第4章 立候補
すると、なぜか降谷さんも話に加わってくる。
「僕も、陽菜さんのこと……すごく魅力的で素敵だと思います」
「は…?」
思わず、手が止まる。なにを言い出すの?この人は…。
見れば、真剣な顔でこちらを見ている降谷さん。
「彼氏さんとか、いらっしゃるんですか?」
「……い、いえ。いませんよ」
「えぇーっ!?もったいないっ!!」
蘭ちゃんが一番に反応して身を乗り出す。
でも次の瞬間――
「じゃあ、僕が立候補してもいいでしょうか?」
「……は?」
突然の意味不明な発言に、再び間抜けな声がでてしまう。
「実は、初めて陽菜さんを見た日から……ずっと、貴方が気になっていまして…」
「……」
「可能性があるなら……僕の彼女になってもらえませんか?」
……ブッ!!!
飲んでいたアイスコーヒーが喉で逆流し、思わずむせ返る私を横目に、蘭ちゃんが大興奮で立ち上がる。

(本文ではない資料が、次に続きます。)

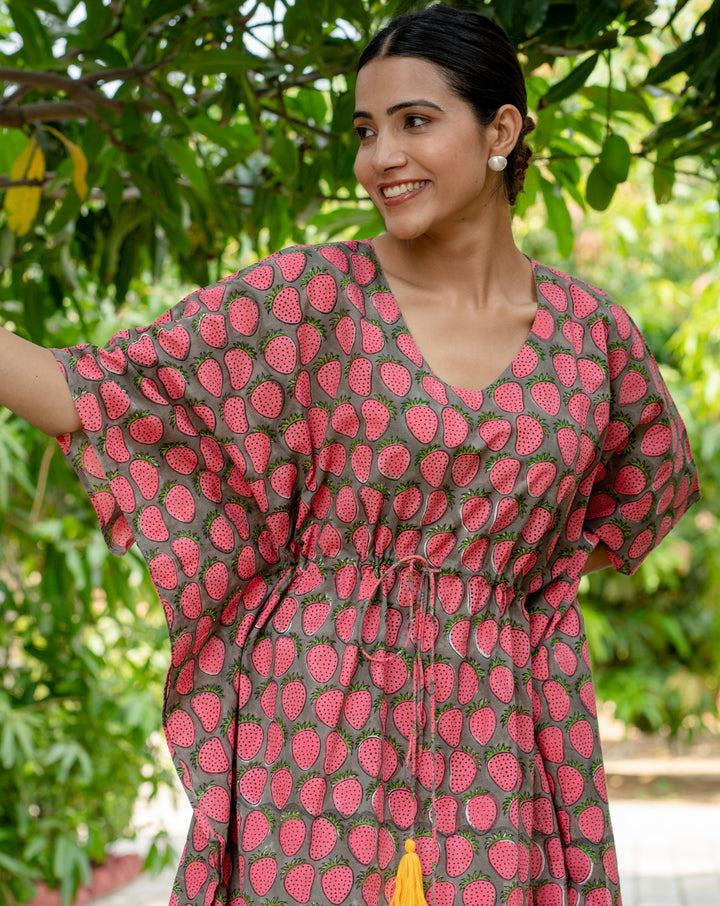 Strawberry Hand Block Printed Cotton Kaftan - Full Length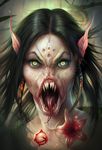  female flower hatchetlovelette13 horror john_kearney long_ears monster nightmare_fuel scary solo teeth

「きゃあああっ!!これって、これって告白だよね!?ねぇ、コナン君!!」
「……ぼ、僕、子供だからよくわかんないけど……たぶんそう、かも」
冷静を装ってるけど、コナンくんの目が鋭くなってるのを私は見逃さない。
(ちょ、ちょっと待って……何これ?なんでいきなり…降谷さん本気?演技?ダメだ頭が回らなくなってきた…)
私の頭の中はぐるぐると思考が暴走するばかり。
そしてなぜかその後ろで、コナンくんの目がどんどん鋭くなっていく。
(とりあえず、上手く交わして今後のことを考えよう)
「えっと……私たち、まだ出会ったばかりですし……安室さんのこともよく知らないので…すみません」
告白をやんわりと断った。でも、安室さんはまるでそれを待っていたかのように…。
「わかりました。でも、僕は諦めません。必ず、好きにさせてみせますので。……覚悟してくださいね、陽菜さん」
ドクン、と胸が鳴った。
だめ、彼の足でまといにはならないって決めたから。
ときめいたりなんてしてないし、今まで通りに接するだけ。